Explorations on the number of realizations of minimally rigid graphs
Georg Grasegger
TL;DR
This work investigates how many realizations a minimally rigid graph can have across dimensions by counting complex realizations and studying the effect of rigidity-preserving constructions. It develops and exploits generalized fan constructions to obtain new lower bounds on the maximal realization counts $\mathbf{M}_{d}(n)$ for the plane, sphere, and space, and derives upper bounds for minimal counts in higher dimensions, while leveraging large-scale computations and certificate graphs to validate the results. The authors provide concrete growth-rate bounds, including $\mathbf{M}_{2}(n) \ge 8\cdot2^{(n-5)\mathrm{mod}\,19}\cdot(611930960/8)^{\lfloor(n-5)/19\rfloor}$ (plane) and $\mathbf{M}^\circ_{2}(n) \ge 8\cdot2^{(n-5)\mathrm{mod}\,12}\cdot(1376256/8)^{\lfloor(n-5)/12\rfloor}$ (sphere), as well as a plane-sphere comparison and 3D bounds $\mathbf{M}_{3}(n) \ge 2^{(n-3)\mathrm{mod}\,9}\cdot(54272)^{\lfloor(n-3)/9\rfloor}$. The results rely on probabilistic Gröbner-basis computations for higher dimensions and culminate in a catalogue of certificate graphs and detailed observations about how extension and splitting steps influence realization counts. Overall, the paper advances our understanding of the asymptotics and variability of realization counts and highlights open questions in higher-dimensional rigidity and counting.
Abstract
Rigid graphs have only finitely many realizations.
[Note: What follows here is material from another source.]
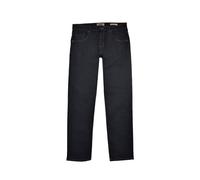 Bequeme Jeans 883POLICE "883 Police TODD992MAT JEANS", Herren, Gr. 36, Normalgrößen, blau, 99% Baumwolle, 1% Elasthan, unifarben, normal, Jeans (50558231-36) blau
In the recent years significant progress was made in computing the number of such realizations. With this progress it was also possible for the first time to do computations on large sets of graphs. In this paper we show what we can conclude from the data we got from these computations. This includes new lower bounds on the maximal realization count for a given number of vertices, upper bounds for the minimal realization count in higher dimensions and effects of rigidity preserving construction rules on the realization number. In all cases we give certificate graphs which prove the respective results.